Blog

Password security : Password Strength & Cracking Time (English)

Password security has become a crucial issue in an era where cyberattacks are on the rise. This content explains how long it takes to hack a password based on its length and complexity, using data published by Security.org and relayed by Statista.

How should this table be read?

This table shows the time required for a computer to try all possible combinations of a password, depending on:

  • the number of characters
  • the type of characters included
  • character diversity

Les quatre colonnes correspondent à des niveaux de complexité différents :

1. Lowercase letters only

only lowercase letters (ex : abcdef)

2. At least one uppercase letter

lowercase letters + uppercase letters (ex : Abcdef)

3. At least one uppercase + number

lowercase letters + uppercase letters + numbers (ex : Abc123)

4. Uppercase + number + symbol

lowercase letters + uppercase letters + numbers + symbols (ex : Abc123!@#)

The more types of characters there are, the greater the number of combinations.

Analysis and interpretation of the table

Short passwords (1 to 7 characters)

No matter how complex they are, they are cracked instantly.
Machines test billions of combinations per second: a 7-character password is too short to resist.

From 8 characters: beginning of resistance

  • 8 minuscules → Instantaneous
  • 8 with capital letters → 22 minutes
  • 8 with capital letters + numbers → 1 hour
  • 8 complexes → 8 hours

An 8-character password is insufficient for most uses.

Between 9 and 10 characters: adequate strength

  • 9 mixed characters → 3 days
  • 10 complex characters → several months to several years

This is where passwords start to become difficult to crack.

11–12 characters: strong security

  • 11 complex characters → 400 years
  • 12 complex characters → 34,000 years

Recommended for all important accounts (email, banking, social media).

Why length is the most important factor

Each additional character multiplies the number of possible combinations.
Simplified example:

  • 6 characters → ≈ 300 million combinations
  • 12 characters → hundreds of trillions

Even with fast algorithms, a long password lasts much longer.

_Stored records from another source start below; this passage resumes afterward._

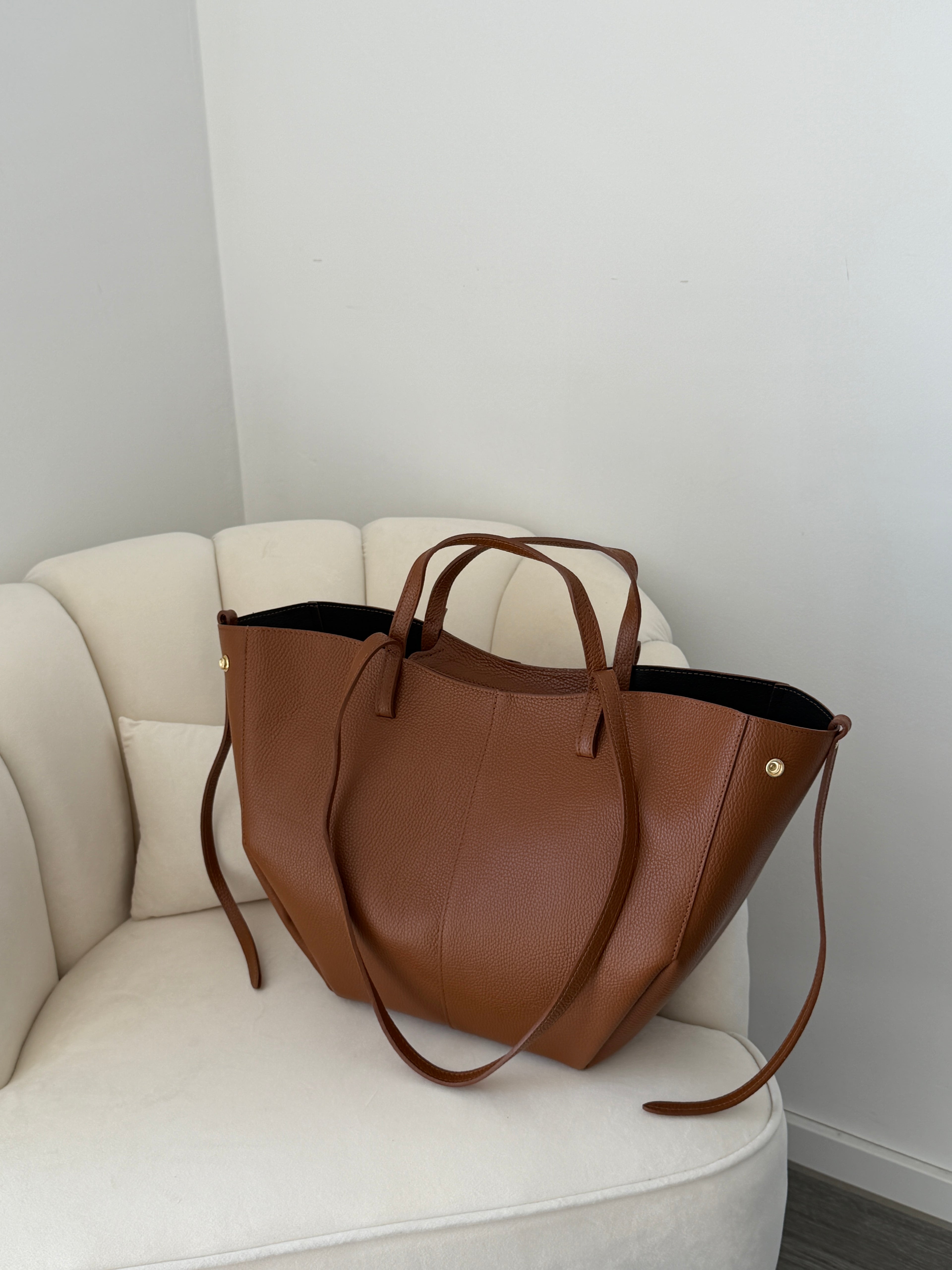 LAURA Cognac Leather Bag Shopper Large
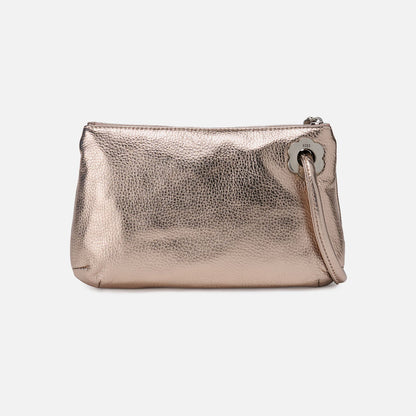 Daisy Daze Large Wristlet In Metallic Leather - Cameo Quartz | HOBO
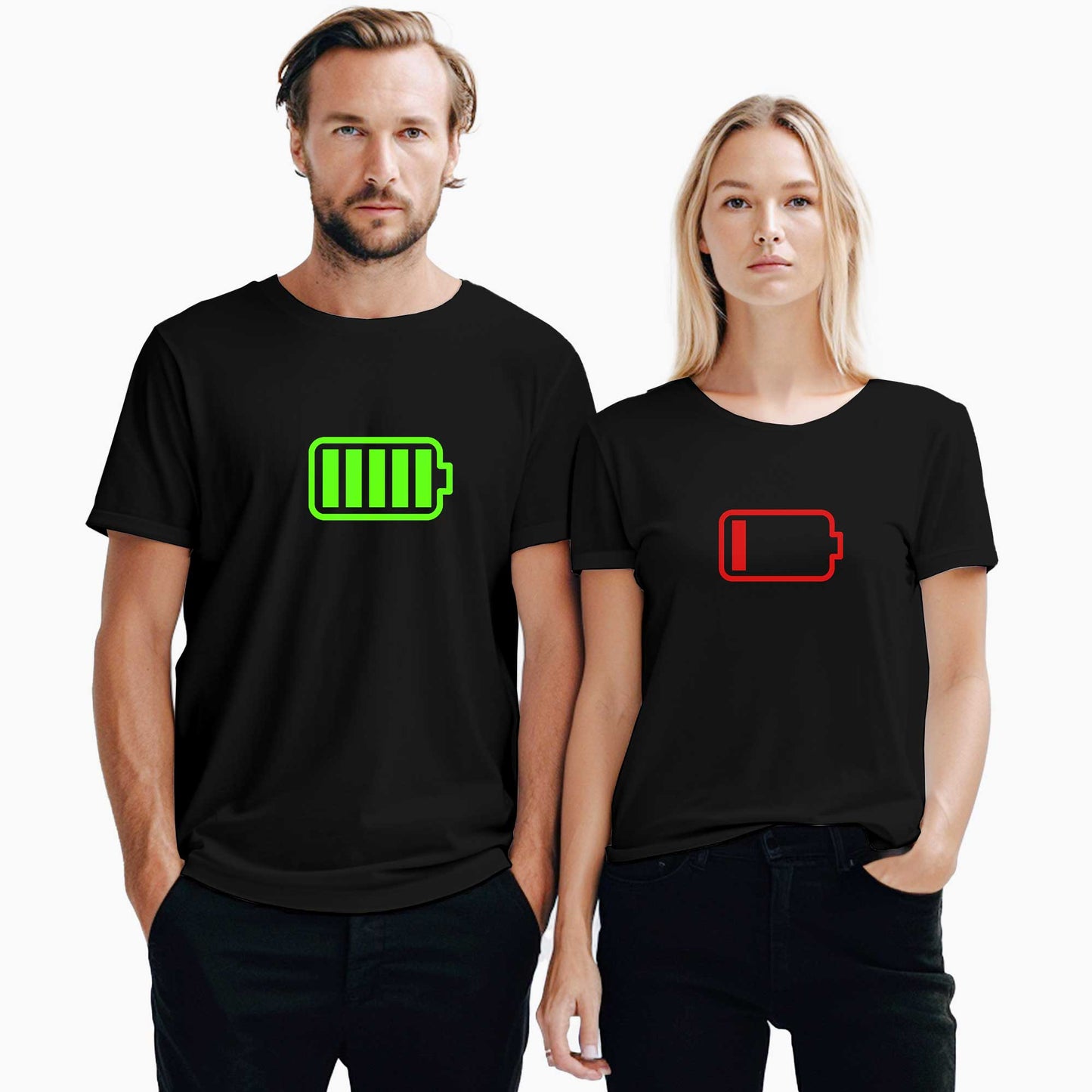 Battery Sevgili Çift Siyah Tişört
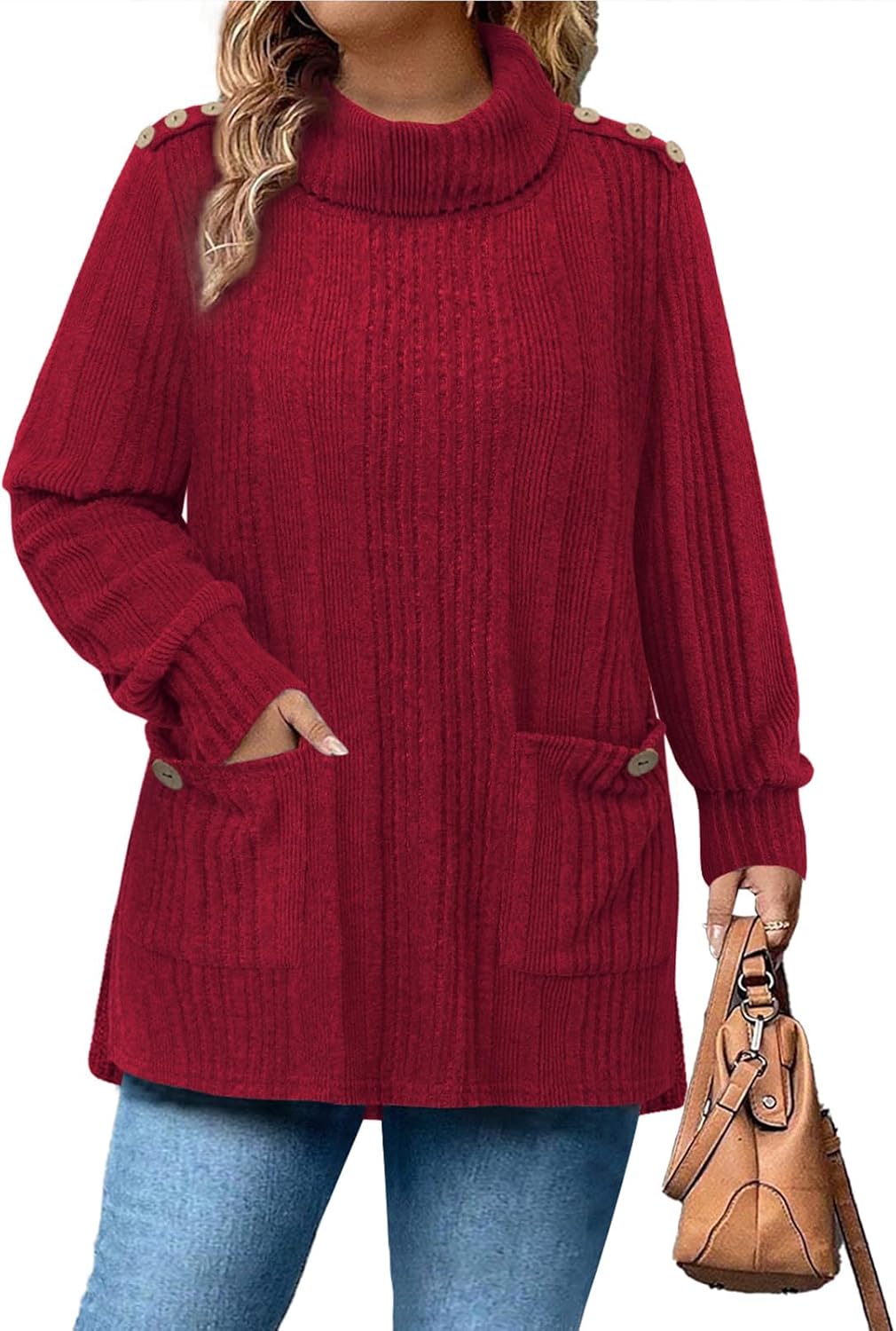 Siddhe Plus Size Turtleneck Tops for Women High Neck Long Sleeve Tunic with Pockets Fall Winter Sweater XL-5XL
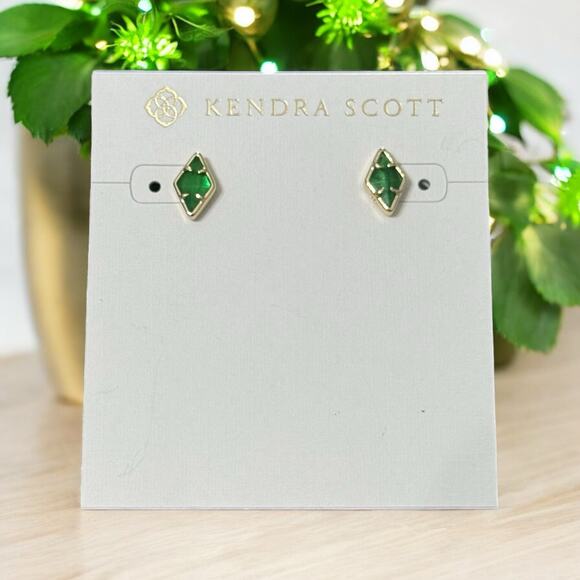 *SOLD* NWT! Kendra Scott Kinsley Stud Earrings Gold Kelly Green Illusion - Picture 2 of 5
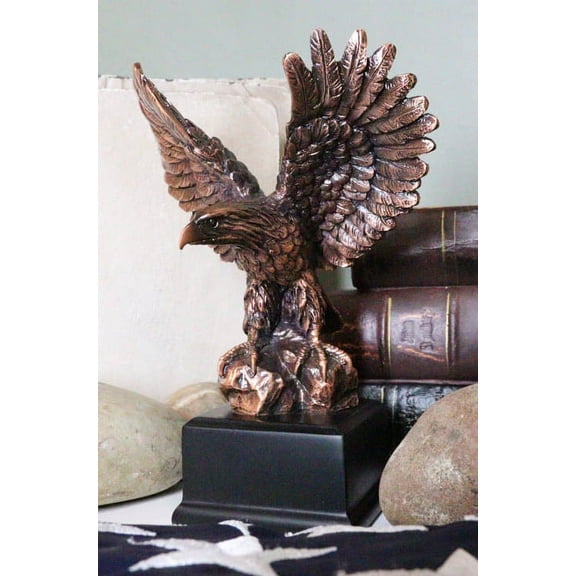 Patriotic Flight Bald Eagle On Rock Stretching Out Wings Figurine With Base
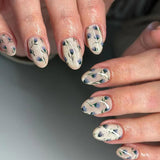 Cute Reusable Press-On Nails With Floral Design For Daily Wear, Events, And Special Occasions (Light Beige)
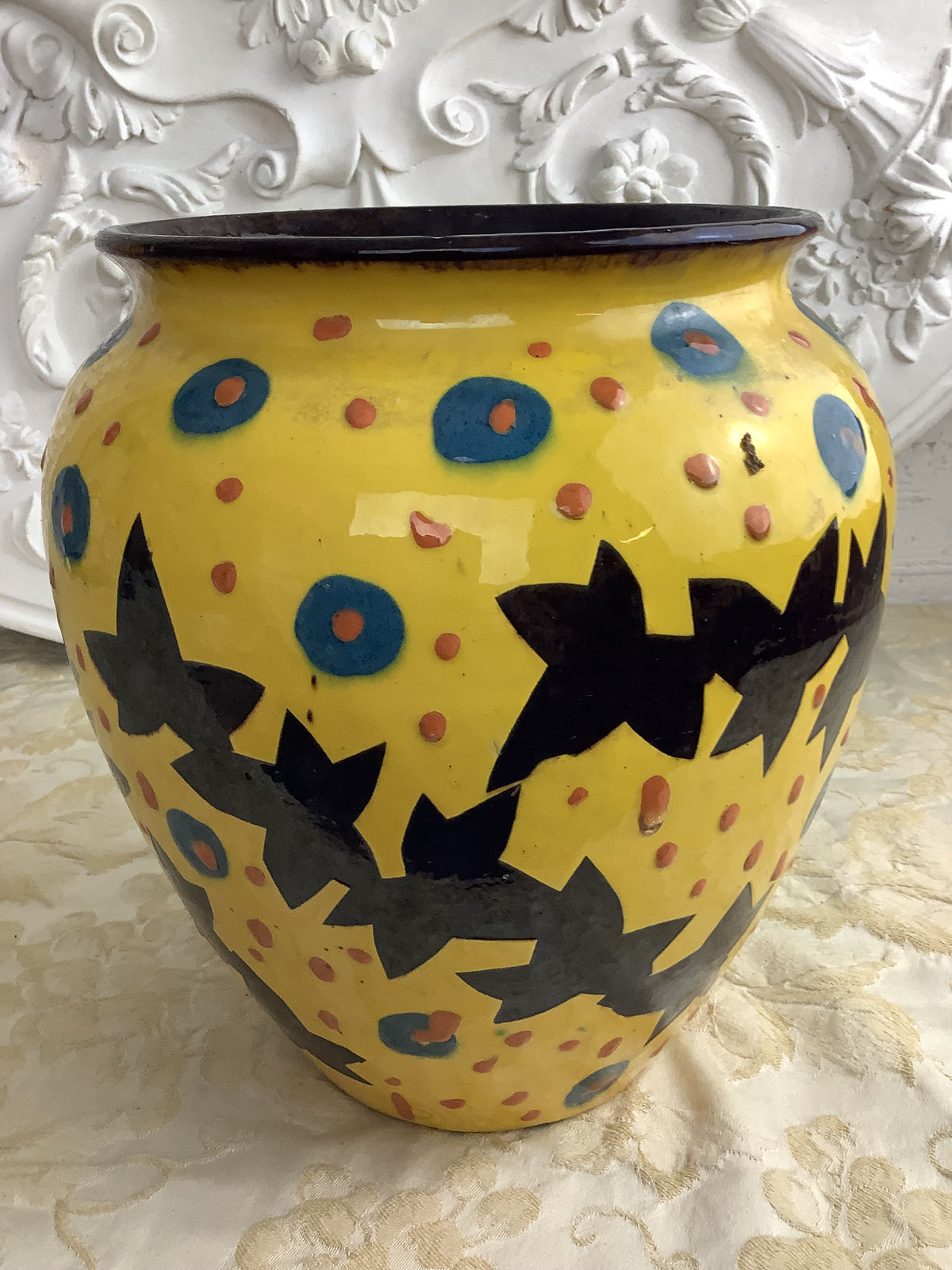 Grand vase boule Art déco en céramique de Savoie – Émile Simonod, modèle 147 – Réf. 147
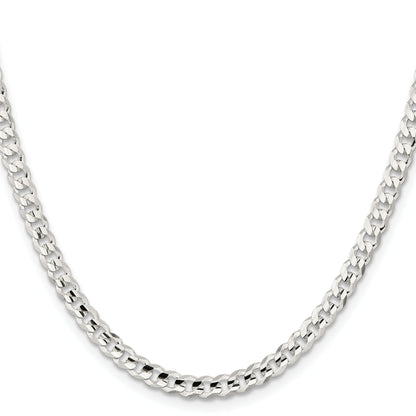 20 Inch Sterling Silver 4.5mm Concave Beveled Curb Chain Necklace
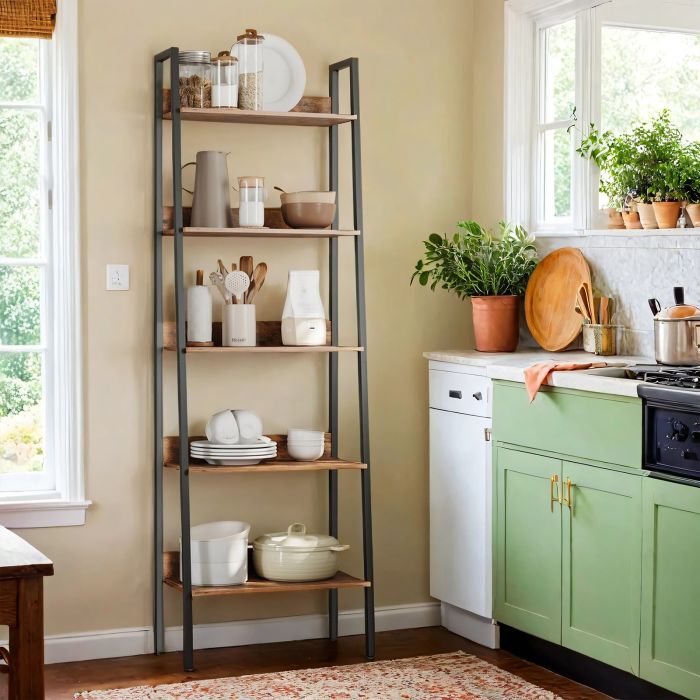 Bookcase - VERRA 5 Tier Ladder Shelf Slim Open Shelf - Black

How can you create a truly secure password?

Here are some simple best practices:

✔ Use at least 12 characters

This is now the minimum recommended standard.

✔ Mix :

  • lowercase letters
  • uppercase letters
  • numbers
  • symbols

✔Avoid personal information

(first name, date of birth, city, etc.)

✔ Use a passphrase

Examples :

  • Blue-Tiger-Space-98!
  • Sunset*robot*forest!42

✔ Never reuse the same password

If a website is hacked, all your accounts become vulnerable.

✔ Use a password manager

Such as Bitwarden, 1Password, or the one built into your browser.

Conclusion

According to data from Security.org (via Statista), password security depends mainly on:

  1. of its length
  2. of its complexity
  3. the number of character types used

Today, a secure password must contain at least 12 characters and include several types of characters to ensure lasting protection against brute force attacks.